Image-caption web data
=== Begin Enclosure ===
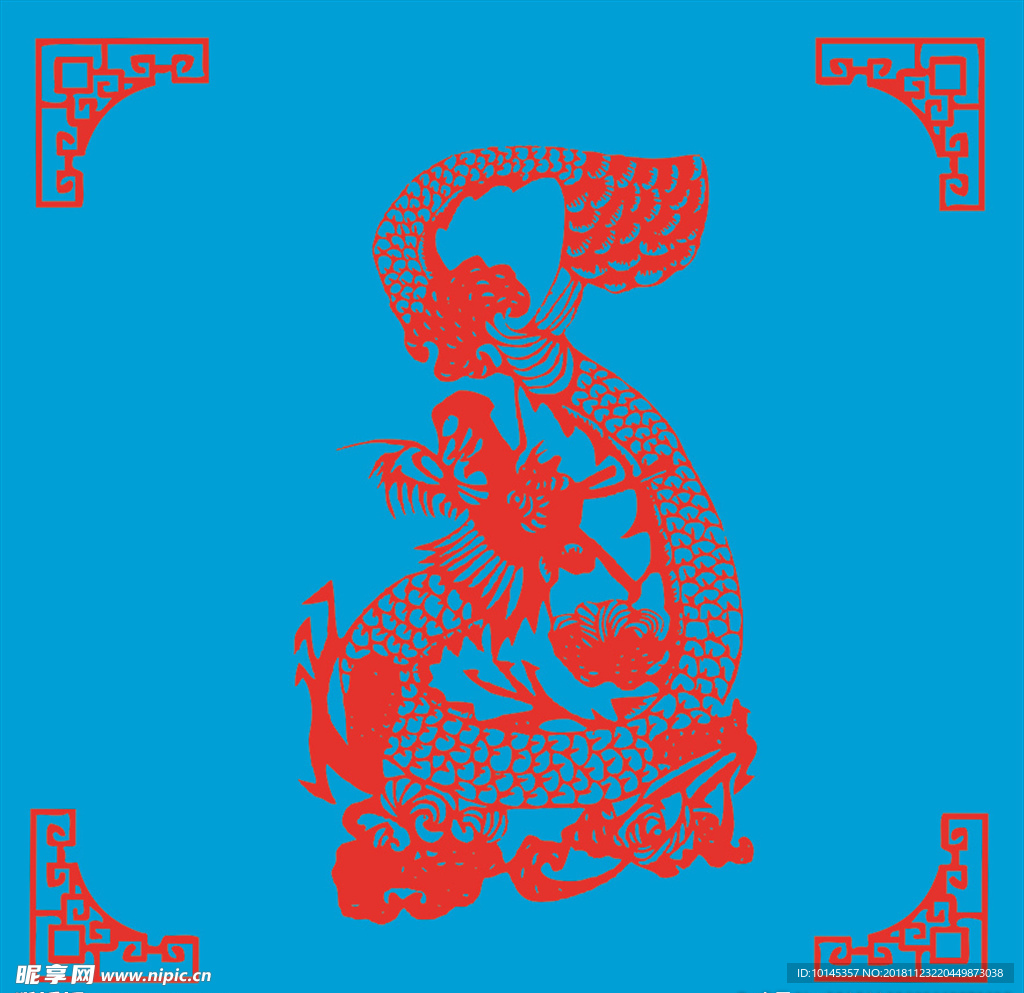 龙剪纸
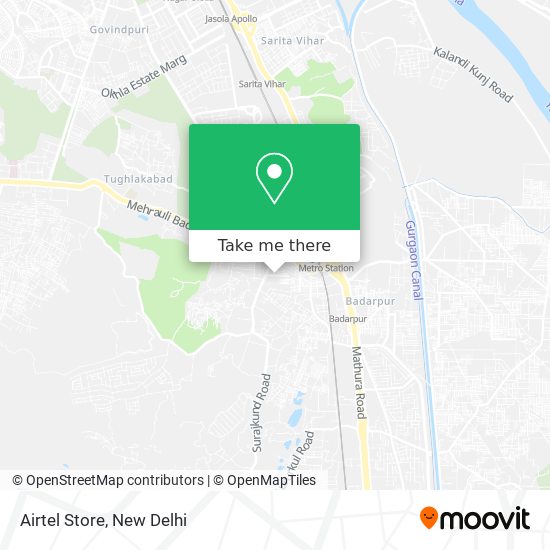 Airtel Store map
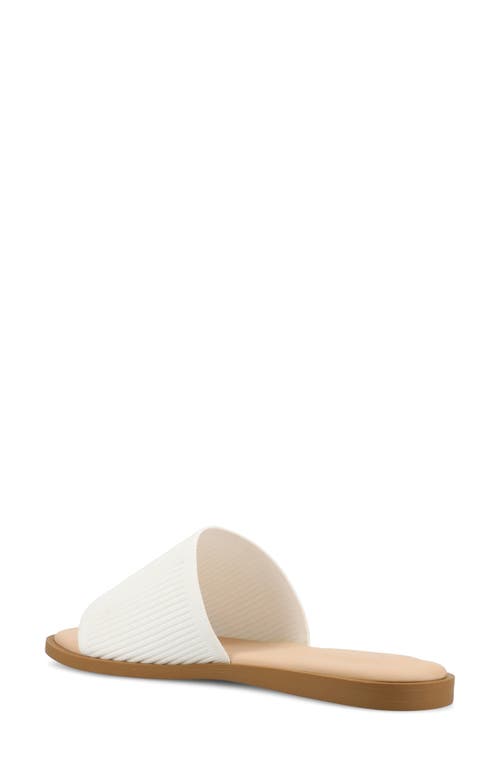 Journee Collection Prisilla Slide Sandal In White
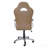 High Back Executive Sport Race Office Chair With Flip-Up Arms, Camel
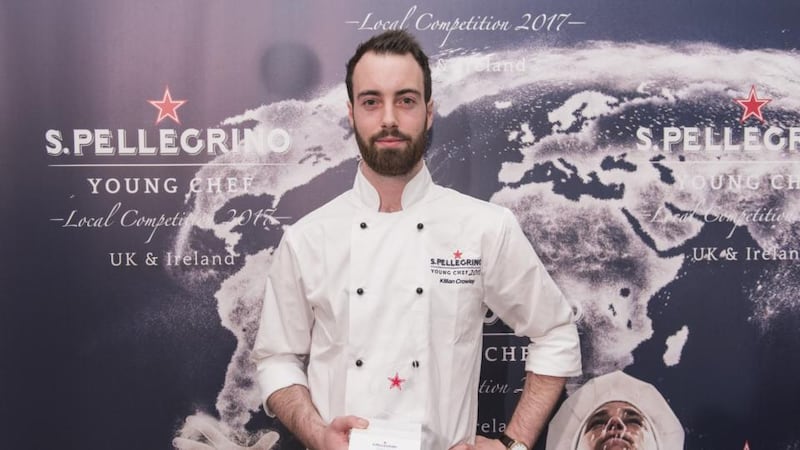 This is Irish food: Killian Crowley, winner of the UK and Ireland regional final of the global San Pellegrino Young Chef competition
=== End Enclosure ===
# [GOAL OF THE EXERCISE]
From the line that includes "High Back Executive" on down to the last line of the entries above, set down each line exactly, leaving out the pictures.

# [RESPONSE TO THIS TASK]
 High Back Executive Sport Race Office Chair With Flip-Up Arms, Camel
 This is Irish food: Killian Crowley, winner of the UK and Ireland regional final of the global San Pellegrino Young Chef competition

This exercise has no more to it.